L'origine du litige est en effet une scène en particulier du film Persepolis, qui décrit le régime iranien de Khomeiny à travers les yeux d'une fillette parlant à Dieu personnifié, la représentation d'Allah étant proscrite par l'islam. Pourtant, comme le précise Me Chokri Belaïd, avocat de la défense et leader du Mouvement des patriotes démocrates (Watad), "le film a été déjà projeté dans [les] salles de cinéma [tunisiennes] avec un visa officiel de la commission de vérification", sans que cela pose de problème au parquet. Pour lui, "ce procès est politisé et marquera l'histoire de la justice tunisienne. On veut faire de la Tunisie un nouvel Afghanistan en imposant le retour de la répression idéologique et politique".
UNE "RÉGRESSION DES LIBERTÉS"
Au cœur du débat, c'est donc bien la question d'une éventuelle régression des libertés après la révolte du 14 janvier qui agite les milieux politique et intellectuel tunisiens. Dès janvier, le parti islamiste Ennahda, première force politique en Tunisie, a exprimé "son attachement à la liberté d'expression en tant que droit indivisible des droits de l'homme" et estimé que les poursuites judiciaires à l'encontre du patron de Nessma TV dans le cadre de l'affaire Persepolis "n'étaient pas la meilleure solution".

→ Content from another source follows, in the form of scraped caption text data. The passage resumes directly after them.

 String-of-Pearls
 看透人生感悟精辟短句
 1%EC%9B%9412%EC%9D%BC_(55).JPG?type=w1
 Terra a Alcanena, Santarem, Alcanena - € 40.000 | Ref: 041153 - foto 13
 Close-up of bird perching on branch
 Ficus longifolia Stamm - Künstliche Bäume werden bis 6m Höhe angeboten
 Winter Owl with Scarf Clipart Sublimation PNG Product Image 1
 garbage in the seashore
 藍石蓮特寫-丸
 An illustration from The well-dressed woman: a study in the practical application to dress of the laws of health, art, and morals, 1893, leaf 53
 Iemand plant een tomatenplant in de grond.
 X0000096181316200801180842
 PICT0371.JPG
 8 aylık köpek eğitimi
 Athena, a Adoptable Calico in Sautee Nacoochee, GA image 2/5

Pour l'avocate Kahena Abbes, qui publie une tribune dans La Presse de Tunisie, il s'agit bien d'une"régression des libertés". Pour elle, les manifestants extrémistes qui se sont attaqués à Nabil Karoui"exprimaient la volonté de limiter toute liberté et de la soumettre aux symboles sacrés, aux exigences identitaires et à une certaine lecture religieuse, afin d'instituer une nouvelle censure". Elle ajoute que "le problème est donc d'ordre politique, puisque ces revendications émanaient du courant salafiste, et ont eu lieu quelques jours avant les élections de la Constituante et visaient en premier lieu à réduire non seulement la liberté d'expression dans le domaine artistique, mais celle du culte, et d'anéantir tout droit à la différence et tout individualisme".
Dans un communiqué publié jeudi sur son site, Amnesty International souligne que ce procès "met en lumière les attaques contre la liberté d'expression en Tunisie". Un constat qui vient renforcer l'avertissement lancé par Reporter sans frontières en janvier sur les "menaces qui planent sur la liberté d'information" et qui "n'ont cessé d'évoluer depuis la chute de Ben Ali". "Alors que nous comptons sur le gouvernement tunisien pour qu'il donne l'exemple et consacre le plein respect des droits humains dans la nouvelle Constitution du pays, il est troublant de voir que ce procès se poursuit", a déclaré Hassiba Hadj Sahraoui, directrice adjointe du programme Moyen-Orient et Afrique du Nord d'Amnesty International dans un communiqué. Avant d'ajouter : "Ces pratiques rappellent les violations commises par le gouvernement Ben Ali renversé et doivent cesser."